MICHAEL, Senior District Judge:

I. Jurisdiction

Gates, Hudson & Associates, Inc. (GHA) is a Virginia corporation with its principal place of business in Virginia. Defendant-Appellee Federal Insurance Company (“Federal”) is an Indiana corporation with its principal place of business in New Jersey. Because the parties had diverse citizenship and the amount in controversy exceeded the statutory requirement, GHA brought this matter in the District Court of the Eastern District of Virginia, pursuant to 28 U.S.C. § 1332(a)(1). This court has jurisdiction over the appeal pursuant to 28 U.S.C. § 1291.

II. Introduction

This ease arises out of a disagreement as to the coverage provided by an insurance policy issued by Federal to GHA. GHA purchased a Commercial Excess Umbrella Policy (“Policy”) from Federal in May 1994. The Policy insured GHA for “damages when liability is imposed on the insured [GHA] by law ... because of personal injury ... to which this coverage applies, caused by an offense committed during the policy period.” Joint Appendix (JA) at 58 (emphasis in original).
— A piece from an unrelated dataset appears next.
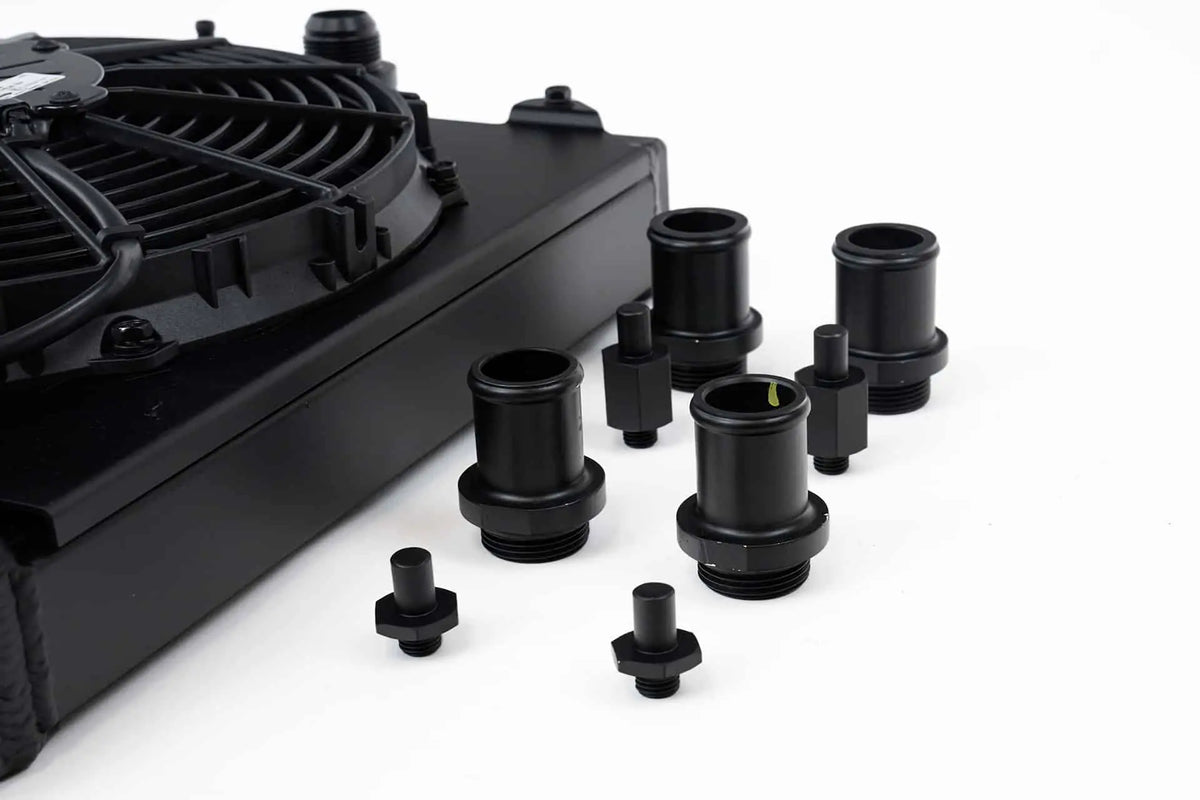 CSF #2858XB Universal Half Radiator - Evo 7/8/9 / 92-00 Civic - w/ SPAL Fan & Shroud - Black – view 4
Further, Federal obligated itself to “assume charge of the settlement or defense of any claim or suit against[GHA]” when “damages are sought for bodily injury, personal injury, property damage, or advertising injury covered by this policy and to which no ... other insurance applies.” JA at 59 (emphasis in original). “Personal injury” was defined to include “humiliation or discrimination.” The policy contained various exclusions; the one at issue in this litigation (“the employment exclusion”) stated: “This policy will NOT apply ... to any liability of [GHA] arising out of injury of an employee in the course of employment by you ... whether [GHA] may be liable as an employer or in any other capacity.” JA at 62, 64 (emphasis added).

During the period of coverage under the Policy, a former employee of GHA, Valorie Brown, filed a charge with the Equal Employment Opportunity Commission (EEOC) *502 alleging that she had been subject to sexual harassment by her supervisor at GHA, subject to a pattern or practice of discrimination, and constructively discharged because of said harassment and discrimination, all in violation of Title VII, 42 U.S.C. § 2000e et seq. GHA disputed the allegations. It hired counsel and prepared a response to an Information and Records Request as ordered by the Fairfax County Human Rights Commission which, along with EEOC was conducting an investigation. Before the investigation was completed, Ms. Brown requested a “Notice of Right to Sue,” halting further investigations. She then sent a draft complaint to GHA, seeking a monetary settlement. GHA conferred further with its counsel and refused such settlement. Ms. Brown did not file suit before the time for filing expired. GHA sought, beginning on March 17, 1995 * and pursuant to the Policy, to induce Federal to defend or indemnify the claim. Federal refused to defend or indemnify GHA based on the employment. exclusion in the policy. On July 12, 1996, GHA filed a civil action seeking a declaratory judgment that Federal had breached its contractual obligations under the Policy to defend GHA, compensatory damages for the breach, and costs. Federal moved for summary judgment claiming that it had no duty to defend GHA as a matter of law. GHA cross-moved for summary judgment claiming that, as a matter of law, Federal did indeed have a duty.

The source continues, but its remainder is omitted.